Hacker Newsnew | past | comments | ask | show | jobs | submitlogin

Unicode is indeed insanely complex. There is almost no query or transform of a Unicode string you can do beyond asking its length in bytes that is at all straightforward. I suspect that very few pieces of software that 'support' Unicode and do anything non trivial with text actually do so fully correctly. It would be nice if there was a well defined 'simple' subset that handled the 80% case that could be a reasonable target for the average app to support fully.


Perl 6 has invented its own normalisation called NFG which normalises at the grapheme level by creating synthetic code points for multi-char graphemes where necessary. This vastly simplifies operations on Unicode strings and gives semantics that are intuitive - producing results you would expect from the visual appearance of a string.
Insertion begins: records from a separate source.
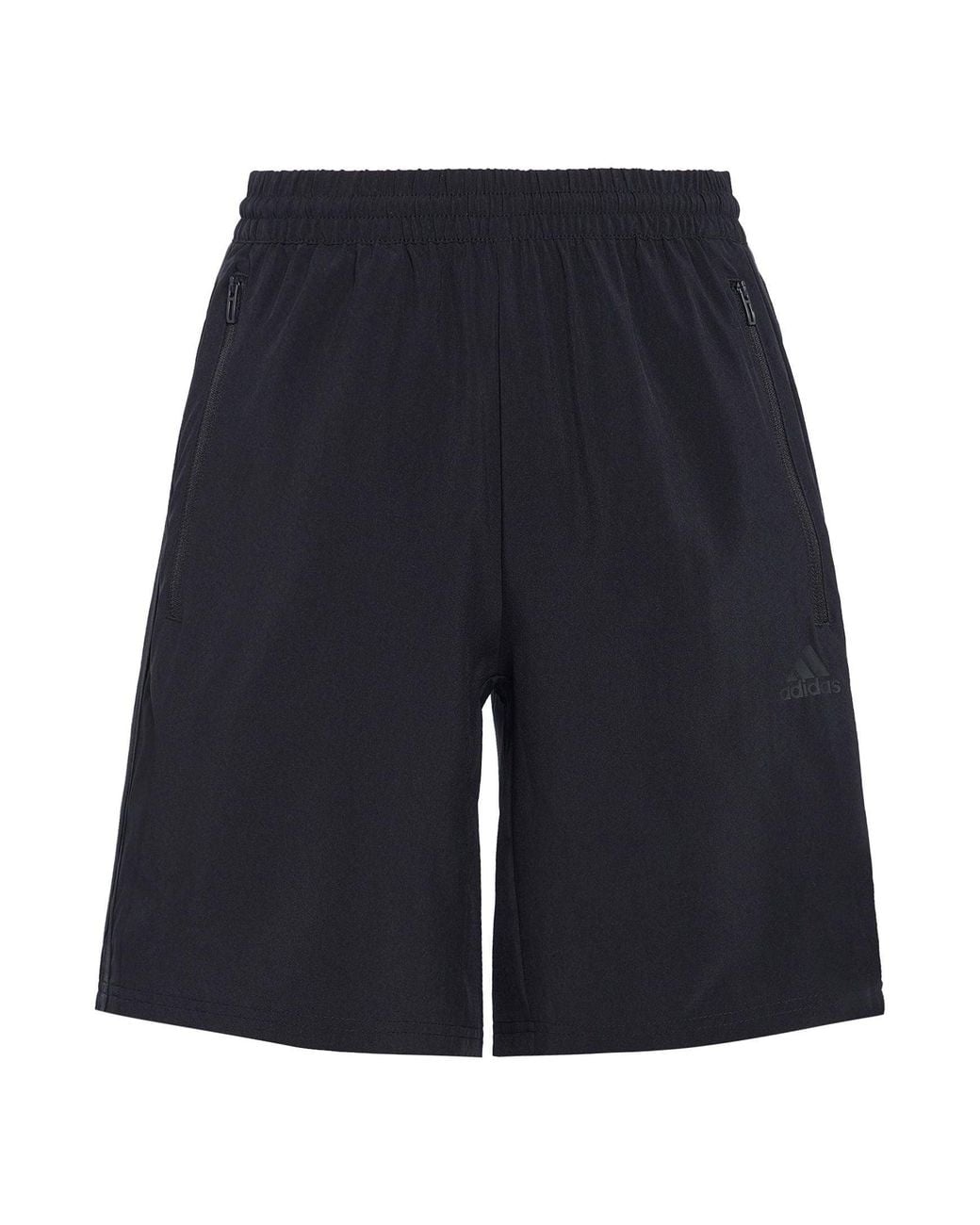Adidas Blue M Short Library Logo Sports Shorts for men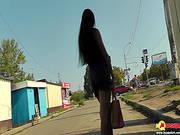 Horny Voyeur Filming Upskirt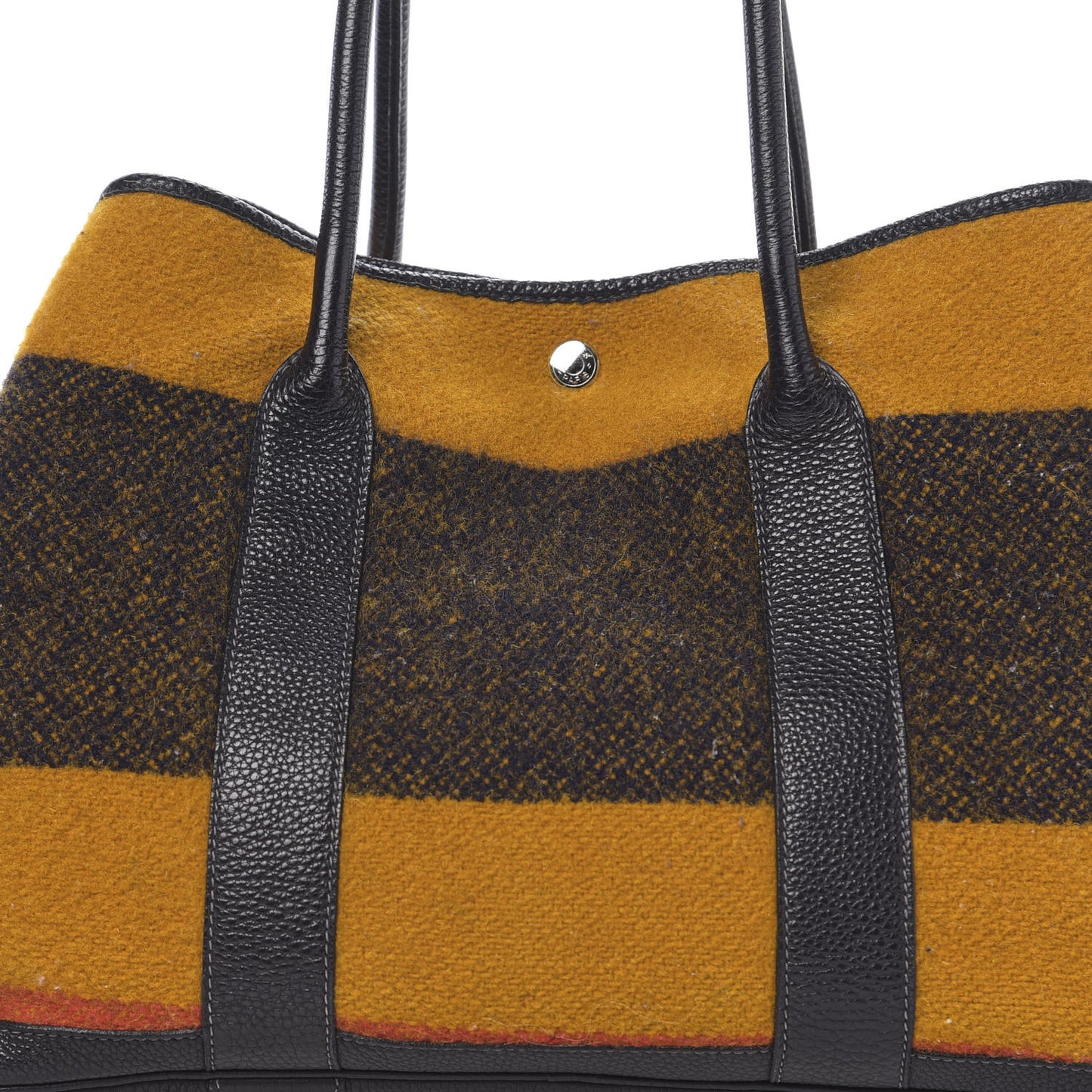 Wool Rocabar Garden Party Tote 36 MM Orange Black
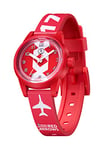 Citizen Q&Q Red Arrows solar powered 32mm watch, charges with sunlight or any other fluorescent light source, water resistant to 100m, 2 year warranty, for boys and girls R03A-504VY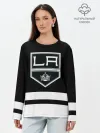Лонгслив женский. Хлопок / Лос-Анджелес Кингз НХЛ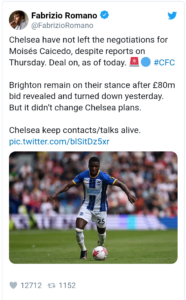 Screenshot 20230728 220728 Fabrizio Romano Provides Update on Chelsea's Long-Term Transfer Target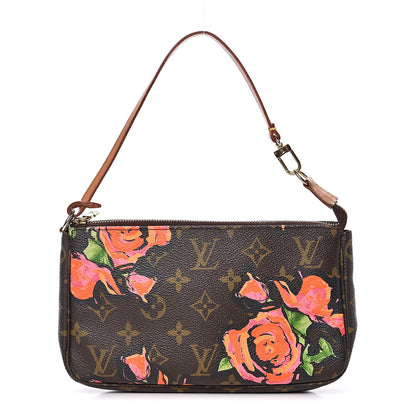 Louis Vuitton Monogram Roses Pochette Accessories 1 of 10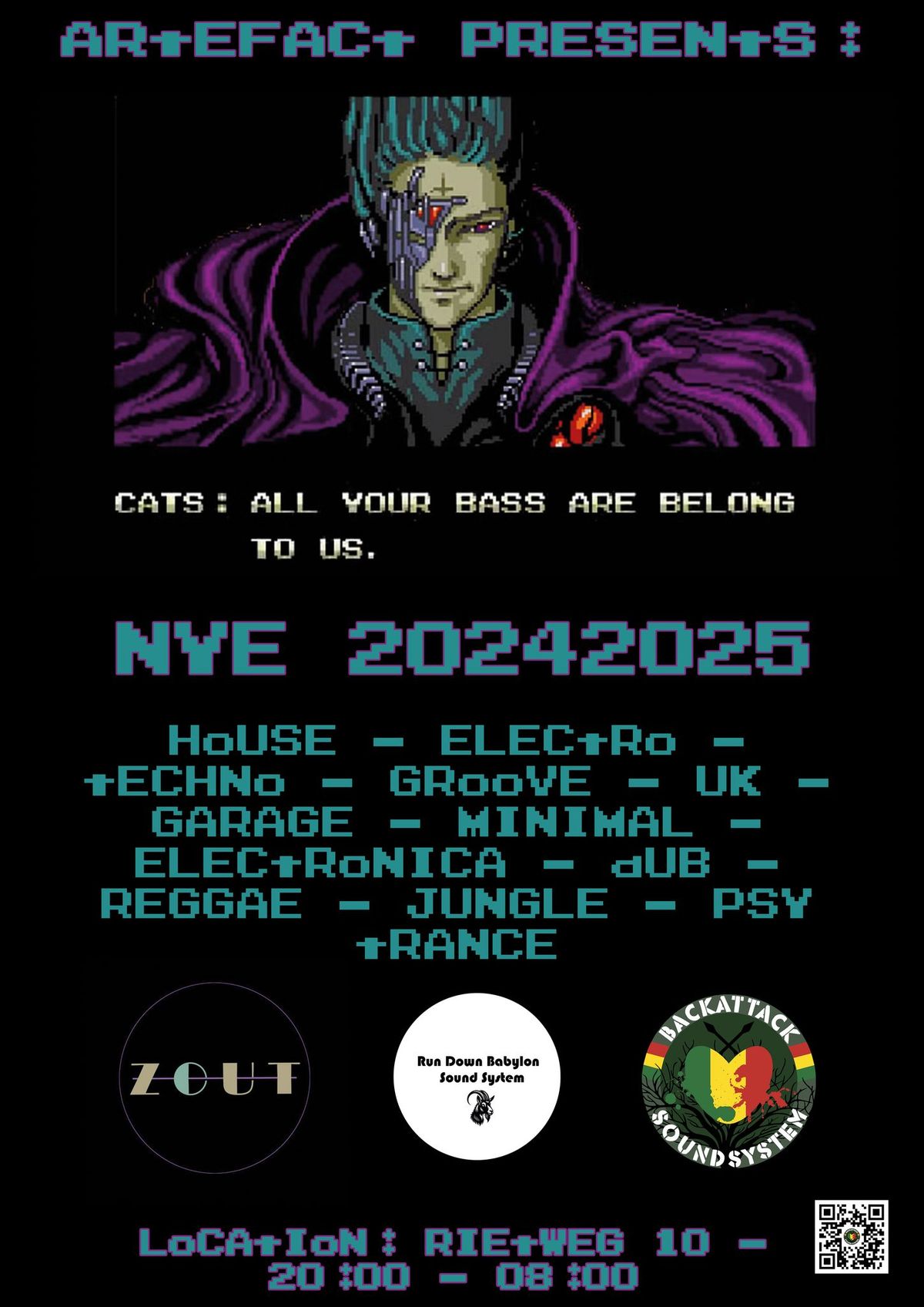 NYE 24\/25: ALL YOUR BASS ARE BELONG TO US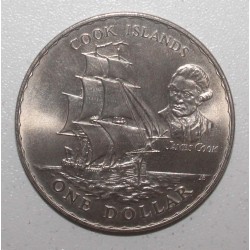 NEUSEELAND - KM 43 - 1 Dollar 1970 - Cook Islands - James Cook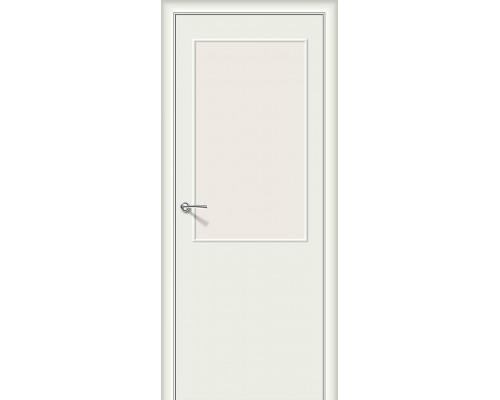 Межкомнатная дверь Гост-13, цвет: Л-23 (Белый) Размер полотна в мм: без усиления 200*40 Стекло: Magic Fog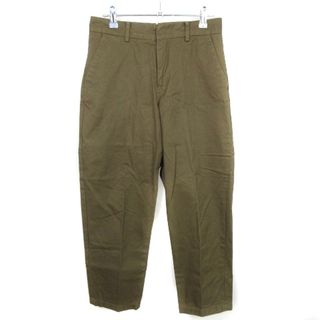 スピックアンドスパン(Spick & Span)のスピック&スパン KHAKI パンツ テーパード ジップフライ 36 カーキ(その他)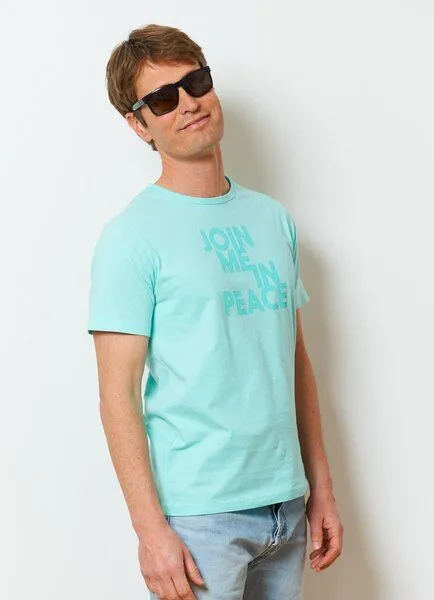 SPARKLES OF LIGHT SPARKLES OF LIGHT Yoga Shirt | JOIN ME IN PEACE, Gelb, – Produktbild 2 von 2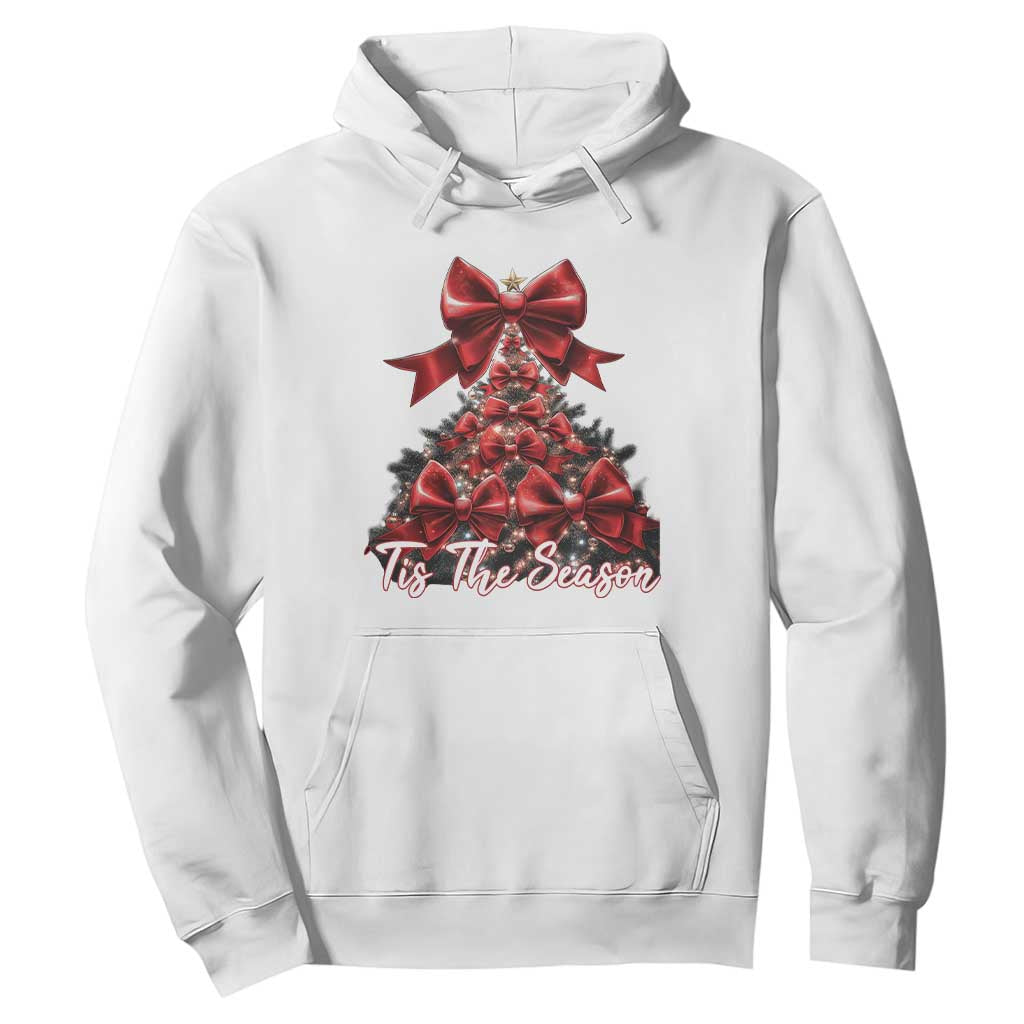 Christmas Tree Coquette Tis The Season Hoodie TS09 White Print Your Wear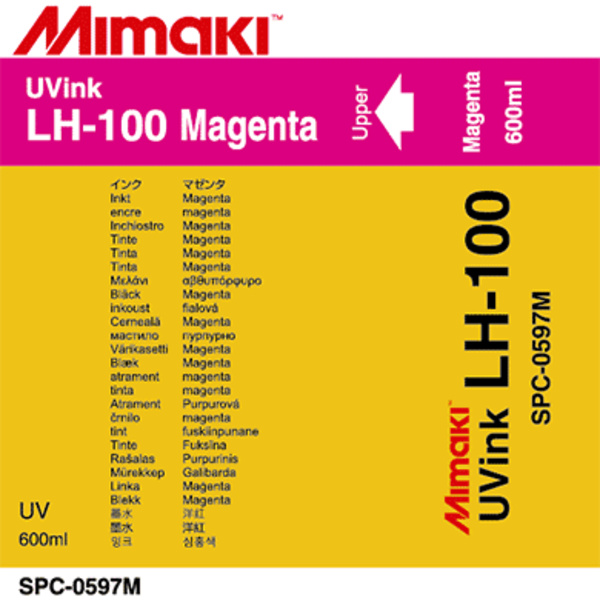 Mimaki LH-100 UV curable ink pack Magenta (600ML) – JFX/UJF-3042FX/UJF-3042HG +2 Thumbnail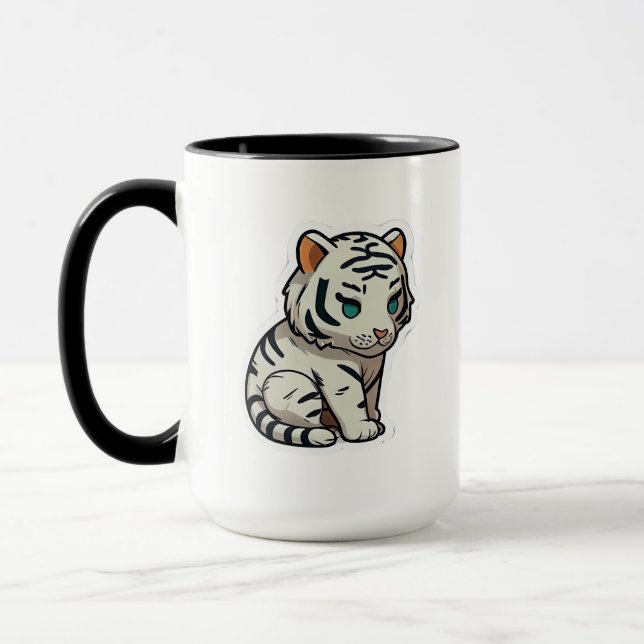 Tasse White Tiger (Links)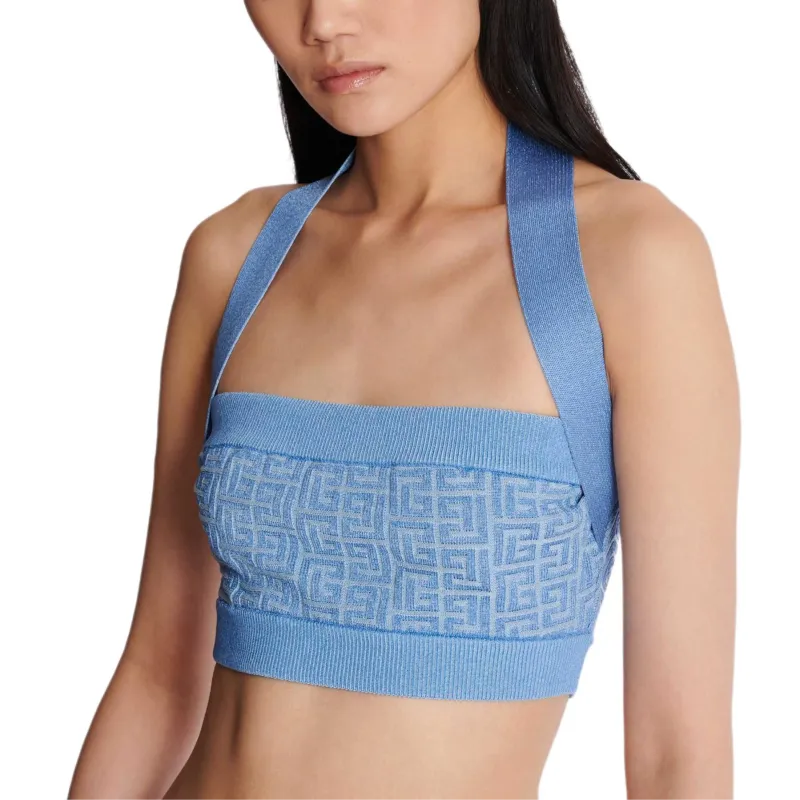 BALMAIN FW24 Camisole Women's Blue-3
It feels to me like Unicode was designed for font renderers and other such software rather than programs that have to deal with Unicode input and output.

If you're a font renderer it makes sense to have separate codepoints for each grapheme, and it'd be more complex to split a single codepoint cluster into the individual components that need to be drawn. Having separate graphemes also allows reuse (though as the article shows, there's plenty of visual, non-semantic duplication).

But as a result, the operation "length of string in terms of what a user would consider as separate characters or grapheme clusters" is a hard problem that basically requires all the core aspects of a font renderer other than the actual display code.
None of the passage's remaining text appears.